Effective wavelength extension is vital in the applications of high-power narrow-linewidth fiber lasers. In this work, we demonstrate a 5-kW power-level narrow-linewidth fiber amplifier at 1050 nm utilizing a homemade biconical-tapered Yb-doped fiber (BT-YDF). Up to ∼4.96 kW fiber laser is achieved with a 3 dB linewidth of ∼0.54 nm and a beam quality factor of Mx 2 = 1.46, My 2 = 1.6. The experimental comparisons reveal that BT-YDF has the advantages of improving a stimulated Raman scattering threshold and balancing transverse mode instability suppression in the fiber amplifier. This work could provide a good reference for extending the operating wavelength of high-power fiber amplifiers.

Evaluation of the impact of weak end feedback on the SBS threshold in high-power narrow-linewidth fiber amplifiers

In this work, we quantitatively investigate the SBS threshold in high-power narrow-linewidth fiber amplifiers seeded with phase-modulated single-frequency lasers in presence of weak end feedback.
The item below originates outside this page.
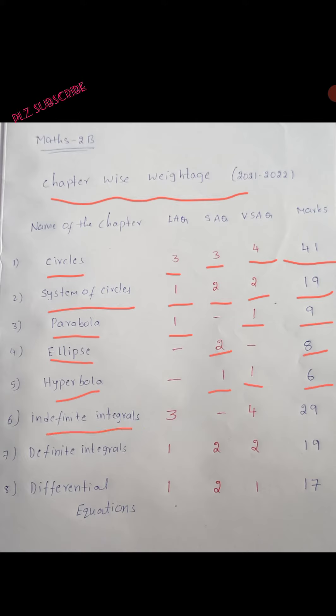Indefinite Integrals: 3 long answer questions and 4 very short answer questions — total 29 marks. Definite Integrals: 1 long answer question, 2 short answer questions, 2 very short answer questions — total 19 marks.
The impacts of the end feedback and spectral linewidths on the SBS threshold are demonstrated in detail through comparative experiments and numerical simulations, respectively. In the experiment, we have pointed out a practical method to estimate the end reflectivity in high-power fiber amplifiers. Based on this estimation, the SBS threshold characters of the high-power narrow-linewidth fiber amplifiers with different end reflectivity and seed linewidths are investigated. By reducing the end reflectivity, a 2.85 times SBS threshold enhancement has been achieved at the most susceptible linewidth (16.8 GHz). Furthermore, we propose a spectral evolution model to investigate the SBS threshold in high-power narrow-linewidth fiber amplifiers, which is even capable for calculating SBS thresholds of the systems with tens of GHz linewidth while weak end reflection is considered. The simulation results demonstrate that end reflection will obviously affect the SBS threshold when the linewidth of the seed laser is broadened beyond 5 GHz, especially for the spectral linewidth of seed lasers nearing the Brillouin frequency shift. Besides, when the end reflectivity is set to be stronger than -65 dB, the SBS threshold performs a tendency to decline and then rise with the growth of seed linewidth. The experiment and simulation results provide a new optimization sight for the SBS effect suppression in high-power narrow-linewidth fiber amplifiers.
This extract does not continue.